Specialty: Residential, commercial redevelopment; historic rehabilitation
Management: Dave Gintz, CEO; Ron Gintz, COO; Michael Gintz, CFO
Founded: 2006
Headquarters: Tacoma
Current projects: 732 Broadway commercial condominiums, Tacoma; Mecca Theater mixed-use redevelopment, Tacoma


Dave Gintz

The challenging housing market requires keeping an eye open for opportunities. The Gintz Group, which specializes in redeveloping multifamily buildings, has been trying to make the most of the impending slowdown.

With condominium inventories on the rise, “absorption is continuing to be challenge,” said COO Ron Gintz, a former mayor of Federal Way.

Gintz and his son, CEO Dave Gintz, see the current housing climate as a chance to buy up financially troubled multifamily buildings at attractive prices and hold on to them for a few years while raising rents. The firm has also considered farming out development services to troubled projects.

“Buying and holding will be a good move over the next five years,” Dave Gintz said.

The subprime opportunity

The subprime crisis, Dave said, has also afforded his firm an opportunity to line up financing for home buyers that less savvy developers can’t provide.



‘It’s not a good idea to be building $300,000 to $500,000 condos in downtown Tacoma and downtown Seattle, for that matter.’

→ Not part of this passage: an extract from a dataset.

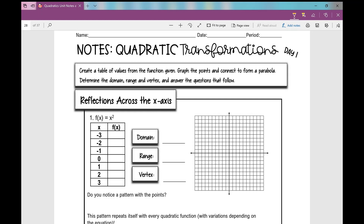Let's get started on your notes over quadratic transformations day one. Today's transformations are going to focus on reflections across the x-axis — that's the horizontal axis — as well as vertical translations. Your notes might look slightly different from mine, but all the content is the same, so just follow along and fill in your notes.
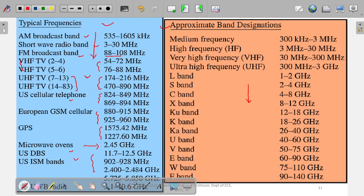To avoid confusion, a standardization has been made that is universally accepted: medium frequency means 300 kilohertz to 3 megahertz, high frequency means 3 to 30 megahertz, very high frequency means 30 to 300 megahertz, and ultra high frequency means 300 megahertz to 3 gigahertz. These are internationally accepted definitions.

Another tack the firm is taking amid the housing slowdown is to gravitate toward the more slump-proof extremes of the condo market — entry homes and ultra-luxury.

“It’s not a good idea to be building $300,000 to $500,000 condos in downtown Tacoma and downtown Seattle, for that matter,” Dave said. “It needs to be a niche project and price-point driven.”

One redevelopment project the firm is bullish on is an 87-unit condo complex in Tacoma’s historically distressed Hilltop neighborhood, where units will sell for $119,000 to $155,000.

“That’s unheard of in the Tacoma market,” Dave said of the comparatively low prices. “First-time home buyers haven’t gone away — it’s the higher-priced units that tend not to move.”

Porno turned mixed-use

The Gintz Group has also sought out more commercial projects, such as 732 Broadway in Tacoma, a commercial condominium redevelopment, and the old Mecca Theater, a mixed-use redevelopment.

The Mecca, a former downtown Tacoma adult film theater, will include 12 condos, a bar with a performance space, and 11,000 square feet of commercial space.

“Most people we’ve talked to embrace the name,” Dave said of the decision to call the development the Mecca. “They like the checkered past.”

The firm is also looking to partner with the city of Tacoma to restore the historic Luzon Building at South 13th Street and Pacific Avenue. The project will include retail space and office condominiums.

The Gintz Group has tended to gravitate toward redevelopment projects because it can buy for less than the cost of ground-up construction, but that may change soon. It owns a half-acre in downtown Tacoma that it is considering for a 130-unit senior housing project.

The firm also owns properties in Seattle, Arizona, California and Tennessee.